# Machine Learning Frameworks Interoperability /<br> Zero-copy Recipes

![zerocopy](https://developer-blogs.nvidia.com/wp-content/uploads/2021/08/ML_Chapter-1-1-1.png)

This notebook and exercise is based on a 3-part blog series by Christian Hundt and Miguel Martinez from NVIDIA. You can revisit the material here:
  - [Machine Learning Frameworks Interoperability, Part 1: Memory Layouts and Memory Pools](https://developer.nvidia.com/blog/machine-learning-frameworks-interoperability-part-1-memory-layouts-and-memory-pools/)
  - [Machine Learning Frameworks Interoperability, Part 2: Data Loading and Data Transfer Bottlenecks](https://developer.nvidia.com/blog/machine-learning-frameworks-interoperability-part-2-data-loading-and-data-transfer-bottlenecks/)
  - [Machine Learning Frameworks Interoperability, Part 3: Zero-Copy in Action using an E2E Pipeline](https://developer.nvidia.com/blog/machine-learning-frameworks-interoperability-part-3-zero-copy-in-action-using-an-e2e-pipeline/)
  
For a general overview over zero-copy operations, incl. small code examples for pair-wise array passing from framework to framework, please visit this ["ML Frameworks Interoperability Cheat Sheet"](http://bl.ocks.org/miguelusque/raw/f44a8e729896a96d0a3e4b07b5176af4/).

## Using Colab?

Unfortunately, this notebook cannot be run in Google Colab yet, because it is not easily possible to pip-install missing libraries.
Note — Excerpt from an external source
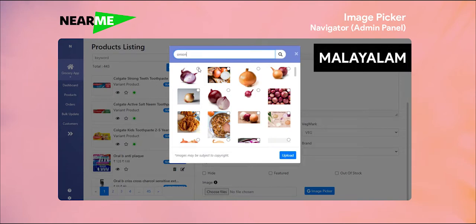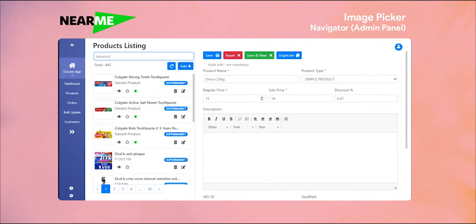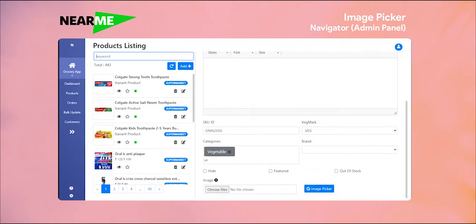Welcome to Varium Technologies. Today we will talk about the image picker feature. We will add an image to the product. Now we will create the product. We will enter the details — we will enter the name and price.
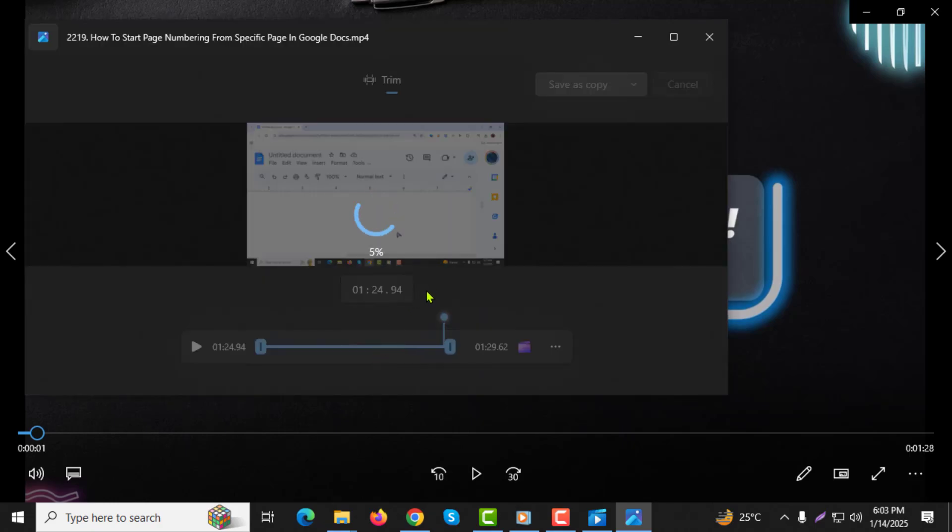And that's it. You've successfully trimmed your video using Windows Media Player. Thanks for watching.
It is best to run it on a local/remote compute resource where you can run docker containers. 

**Recommendation:** <br>Run this example e.g. in a docker container from the latest MONAI docker image on dockerhub (`docker pull projectmonai/monai`), which contains the necessary libraries to run this notebook (e.g. numba, cupy, RAPIDS cudf etc.).


## Step 1: Loading the data

We will start loading a [CSV](https://en.wikipedia.org/wiki/Comma-separated_values) file containing 20 hours of heartbeats.

From the multiple libraries that can be used to read data from a CSV file ([pandas](https://pandas.pydata.org/pandas-docs/stable/reference/api/pandas.read_csv.html), [NumPy](https://numpy.org/doc/stable/reference/generated/numpy.genfromtxt.html), …), we have chosen to use [cuDF](https://docs.rapids.ai/api/cudf/stable/10min.html), a Python GPU-accelerated DataFrame library part of [RAPIDS](https://rapids.ai/) framework.


In [None]:
!nvidia-smi

In [None]:
import os
import csv
import urllib
import zipfile
from scipy.io import loadmat

def download_data(root='./data/ECG', csvfile='heartbeats.csv', url=None):
        
        assert url != None, \
        "provide the URL to 22h of ECG data stated on the bottom of https://www.cs.ucr.edu/~eamonn/UCRsuite.html"
            
        filename = os.path.join(root, 'ECG_one_day.zip')
        csvfile = os.path.join(root, csvfile)
        
        if not os.path.isdir(root):
            os.makedirs(root)
        if not os.path.isfile(filename):
            urllib.request.urlretrieve(url, filename)
                    
        with zipfile.ZipFile(filename, 'r') as zip_ref:
            zip_ref.extractall(root)    
    
        data = loadmat(os.path.join(root, 'ECG_one_day','ECG.mat'))['ECG'].flatten()
        
        with open(csvfile, 'w', encoding='UTF8') as f:            
            f.write('heartbeats\n')
            for date in data[:20000000]:
                f.write('%s\n' % date)
            

In [None]:
download_data(url='https://www.cs.ucr.edu/~eamonn/ECG_one_day.zip')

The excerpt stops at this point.